Fehlende Urteilsgründe, Zulassung, Zurückverweisung, Ermessen

Gericht / Entscheidungsdatum: OLG Düsseldorf, Beschl. v. 30.08.2018 - 1 RBs 200/18

Leitsatz: 1. Das Fehlen von Urteilsgründen eines Bußgeldurteils führt nur dann zur Begründetheit eines Zulassungsantrags, wenn das Rechtsbeschwerdegericht weder aufgrund des abgekürzten Urteils noch aufgrund des Bußgeldbescheids, des Zulassungsantrags, eventuell nachgeschobener Urteilsgründe, dienstlicher Erklärungen oder sonstiger Umstände beurteilen kann, ob die Zulassungsvoraussetzungen vorliegen.
2. Die Zurückverweisung an die Verwaltungsbehörde steht im Ermessen des Tatrichters. Auch bei offensichtlich ungenügender Aufklärung des Sachverhalts kann dieser von der Zurückverweisung absehen.


1 RBs 200/18

OLG Düsseldorf
In der Bußgeldsache
gegen pp.

hat der 1. Senat für Bußgeldsachen durch den Richter am Amtsgericht als Einzelrichter (§ 80a Abs. 1 OWiG) nach Anhörung der Generalstaatsanwaltschaft am 30. August 2018 beschlossen:

Der Antrag des Betroffenen, die Rechtsbeschwerde gegen das Urteil des Amtsgerichts Neuss vom 18. Juni 2018 zuzulassen, wird auf Kosten des Beschwerdeführers als unbegründet verworfen.

Gründe:

Durch Urteil vom 18. Juni 2018 hat das Amtsgericht Neuss gegen den Betroffenen wegen fahrlässiger Überschreitung der zulässigen Höchstgeschwindigkeit eine Geld-buße von 80 Euro verhängt. Hiergegen wendet sich der Betroffene mit seinem Antrag auf Zulassung der Rechtsbeschwerde.

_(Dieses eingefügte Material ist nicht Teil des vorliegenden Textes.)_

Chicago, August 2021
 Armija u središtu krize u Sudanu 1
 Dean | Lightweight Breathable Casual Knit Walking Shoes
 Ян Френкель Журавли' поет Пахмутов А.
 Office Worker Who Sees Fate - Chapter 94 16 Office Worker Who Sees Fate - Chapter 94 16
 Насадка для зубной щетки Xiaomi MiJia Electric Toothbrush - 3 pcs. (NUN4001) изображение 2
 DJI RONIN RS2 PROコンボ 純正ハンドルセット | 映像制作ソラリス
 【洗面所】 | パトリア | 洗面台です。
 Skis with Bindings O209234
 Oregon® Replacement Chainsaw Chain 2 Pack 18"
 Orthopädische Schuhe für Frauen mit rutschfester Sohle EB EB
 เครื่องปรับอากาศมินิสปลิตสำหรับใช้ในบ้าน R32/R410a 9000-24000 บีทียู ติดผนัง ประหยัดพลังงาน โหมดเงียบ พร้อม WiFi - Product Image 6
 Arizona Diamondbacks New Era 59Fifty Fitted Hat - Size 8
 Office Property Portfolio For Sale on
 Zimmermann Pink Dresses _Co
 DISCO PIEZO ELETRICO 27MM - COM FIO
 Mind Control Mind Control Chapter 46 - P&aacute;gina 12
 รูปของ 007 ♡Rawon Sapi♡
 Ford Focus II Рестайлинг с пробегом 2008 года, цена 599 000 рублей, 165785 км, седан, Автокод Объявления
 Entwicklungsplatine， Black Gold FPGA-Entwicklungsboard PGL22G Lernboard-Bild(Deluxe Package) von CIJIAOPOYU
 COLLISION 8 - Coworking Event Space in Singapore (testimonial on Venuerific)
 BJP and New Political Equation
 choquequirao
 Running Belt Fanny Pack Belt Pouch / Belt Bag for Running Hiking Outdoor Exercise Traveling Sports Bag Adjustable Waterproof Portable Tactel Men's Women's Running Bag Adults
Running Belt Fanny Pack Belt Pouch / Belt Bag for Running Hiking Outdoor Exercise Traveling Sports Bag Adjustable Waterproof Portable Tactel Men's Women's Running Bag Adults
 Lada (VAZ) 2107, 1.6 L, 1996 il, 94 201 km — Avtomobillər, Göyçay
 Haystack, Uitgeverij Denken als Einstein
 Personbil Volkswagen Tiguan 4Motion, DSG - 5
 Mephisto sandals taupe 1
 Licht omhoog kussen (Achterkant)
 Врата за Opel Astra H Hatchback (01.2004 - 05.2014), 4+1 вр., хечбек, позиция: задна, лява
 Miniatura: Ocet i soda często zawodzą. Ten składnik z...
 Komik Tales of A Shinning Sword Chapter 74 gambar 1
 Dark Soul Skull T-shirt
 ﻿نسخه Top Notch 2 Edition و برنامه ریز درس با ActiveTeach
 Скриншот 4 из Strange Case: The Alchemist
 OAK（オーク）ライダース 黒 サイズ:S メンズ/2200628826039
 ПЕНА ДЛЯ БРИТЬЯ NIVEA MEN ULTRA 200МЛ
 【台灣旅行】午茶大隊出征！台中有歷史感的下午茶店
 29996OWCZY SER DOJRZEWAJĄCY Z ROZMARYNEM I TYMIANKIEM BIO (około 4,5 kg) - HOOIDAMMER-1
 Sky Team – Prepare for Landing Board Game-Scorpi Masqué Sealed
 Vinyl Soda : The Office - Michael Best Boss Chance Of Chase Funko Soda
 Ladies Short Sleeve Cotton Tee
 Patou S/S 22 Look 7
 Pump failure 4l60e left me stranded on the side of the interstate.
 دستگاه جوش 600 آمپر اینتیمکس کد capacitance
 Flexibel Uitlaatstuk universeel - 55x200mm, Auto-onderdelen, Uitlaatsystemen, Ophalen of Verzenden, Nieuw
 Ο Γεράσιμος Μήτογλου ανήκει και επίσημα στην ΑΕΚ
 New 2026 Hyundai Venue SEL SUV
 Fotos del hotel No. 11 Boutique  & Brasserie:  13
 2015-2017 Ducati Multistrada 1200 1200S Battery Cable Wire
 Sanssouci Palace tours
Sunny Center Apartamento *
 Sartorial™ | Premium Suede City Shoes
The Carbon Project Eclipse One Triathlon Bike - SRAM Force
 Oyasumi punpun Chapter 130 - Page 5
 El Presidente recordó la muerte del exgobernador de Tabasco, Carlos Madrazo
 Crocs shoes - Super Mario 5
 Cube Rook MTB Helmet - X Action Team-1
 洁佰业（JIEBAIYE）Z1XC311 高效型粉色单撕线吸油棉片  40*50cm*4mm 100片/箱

Das zulässige Rechtsmittel ist unbegründet und daher auf Kosten des Beschwerde-führers (§ 46 Abs. 1 OWiG, § 473 Abs. 1 Satz 1 StPO) zu verwerfen.

Bei Geldbußen von nicht mehr als 100 Euro wird die Rechtsbeschwerde nach §§ 79 Abs. 1 Satz 2, 80 Abs. 2 Nr. 1 OWiG nur zugelassen, wenn es geboten ist, die Nach-prüfung des Urteils zur Fortbildung des sachlichen Rechts zu ermöglichen oder das Urteil wegen Versagung des rechtlichen Gehörs aufzuheben. Diese Voraussetzungen liegen nicht vor.

1. Die in zulässiger Weise erhobene Sachrüge verhilft dem Zulassungsantrag nicht zum Erfolg.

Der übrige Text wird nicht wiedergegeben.